A questão a ser debatida é: assiste razão ao legislador? Ou seja, é válida a mudança?

É o que veremos a seguir.

31.A prescrição e sua natureza jurídica de exceção

Afigura-se de patente evidência que a alteração legal sob exame atropelou o já sedimentado conceito doutrinário de que a prescrição é exceção, e que, como exceção, é uma faculdade que assiste a quem aproveita, podendo ser ou não exercida por ele.

Essa nota distintiva da prescrição, não presente na decadência, que pode ser livremente apreciada pelo magistrado (por ser causa de extinção do direito em si) decorre de sua natureza jurídica e do fundamento que lhe caracteriza.

Vimos anteriormente que, desde o direito romano, entende-se que a prescrição não opera ipso facto, mas sim ope exceptionis.

Assim, como toda exceção, [19] tem de ser exercida pela parte beneficiária, que pode escolher livremente se irá opô-la ou não. Não se trata aqui, como bem fez ver Pontes de Miranda, de necessidade de argüição porque há previsão no rol daquilo que se há de alegar em juízo, mas sim de que, para que a exceção produza efeitos, é preciso que haja a suscitação por parte de quem a detém. [20]

Toca-se aqui característica imemorial do instituto, que pode parecer estranha se se crê que o fundamento da prescrição é o de prover uma sanção, pelo ordenamento jurídico, com o intuito de reprovar aquele que, tendo um determinado direito, não foi suficientemente diligente ao exercê-lo.

Seria, desta forma, a aplicação direta da velha parêmia latina segundo a qual o direito não socorre aos que dormem (dormientibus non sucurrit jus), tão cara à matéria possessória. Assim pareceu a vários juristas. [21]

Nesta ordem de idéias, se a prescrição é vista como uma sanção destinada a punir aquele que não exerceu seu direito, pouco sentido haveria em fazer dela uma exceção, recusando-se-lhe eficácia se o devedor não a opuser.

Ocorre que a doutrina mais atual já identificou a incorreção de tal premissa. A prescrição tem fundamento na segurança jurídica e na paz social, como um meio de proteger o pretenso devedor das dificuldades progressivas que o tempo impõe à viabilidade de provar a inexistência ou a satisfação do débito. [22]

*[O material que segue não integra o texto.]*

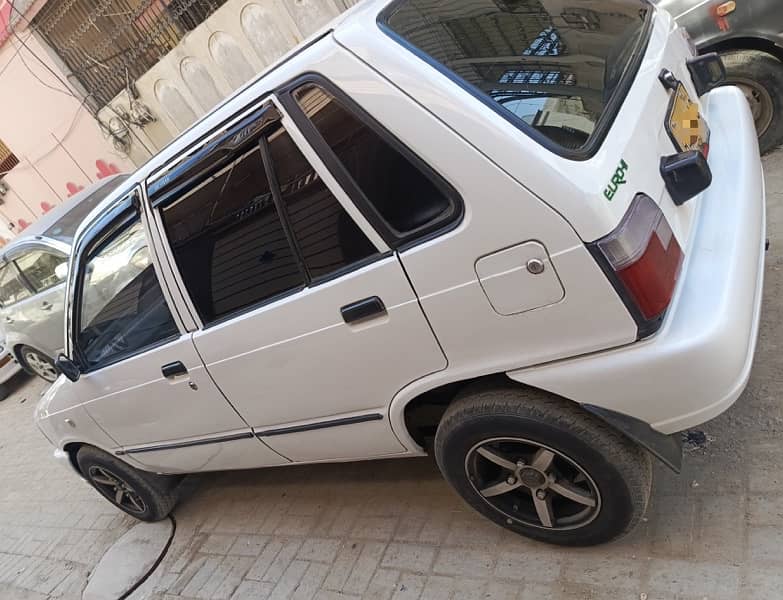 Suzuki Mehran VXR 2013 5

Conseqüentemente, entendido assim o seu fundamento e sua razão de ser, faz todo o sentido a sua caracterização como exceção e, por decorrência, impõe-se uma regra jurídica como a positivada no art. 194 do Código Civil de 2002, ora revogado pela Lei 11.280/06.

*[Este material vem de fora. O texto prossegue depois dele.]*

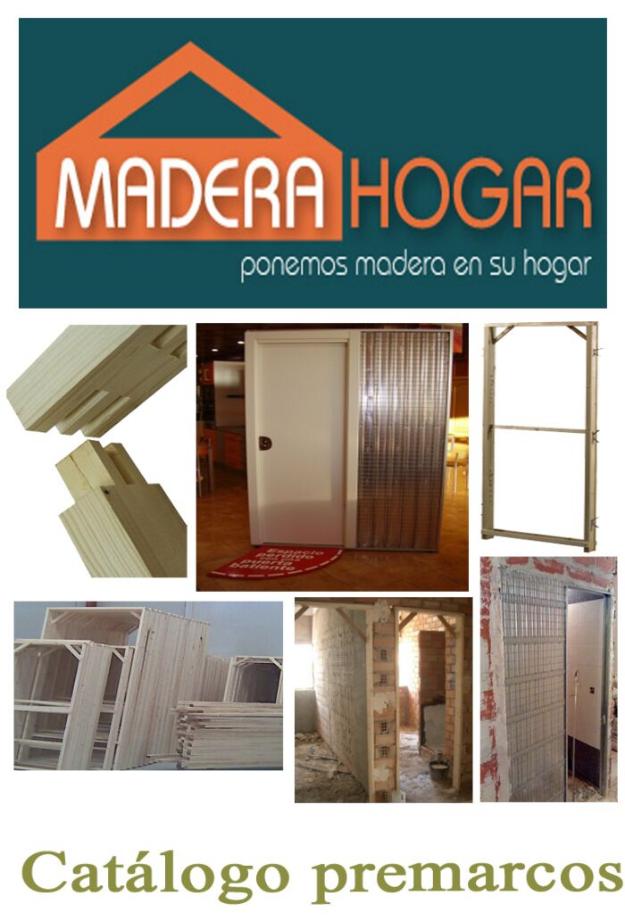 premarcos de madera para obra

Trata-se do espelho positivo da construção teórica anteriormente esboçada, que qualifica a prescrição como exceção e, de conseguinte, dependente do exercício por aquele a quem beneficia. Na ausência de previsão legal explícita, seria norma pressuposta, em decorrência da natureza jurídica do instituto.

Vale lembrar que a caracterização da prescrição como exceção, nos termos anteriormente expostos, longe está de ser uma peculiaridade isolada do direito brasileiro atual. Não se tem sob análise – muito pelo contrário – alguma excentricidade do sistema pátrio vigente, argumento que poderia robustecer o pleito de sua modificação.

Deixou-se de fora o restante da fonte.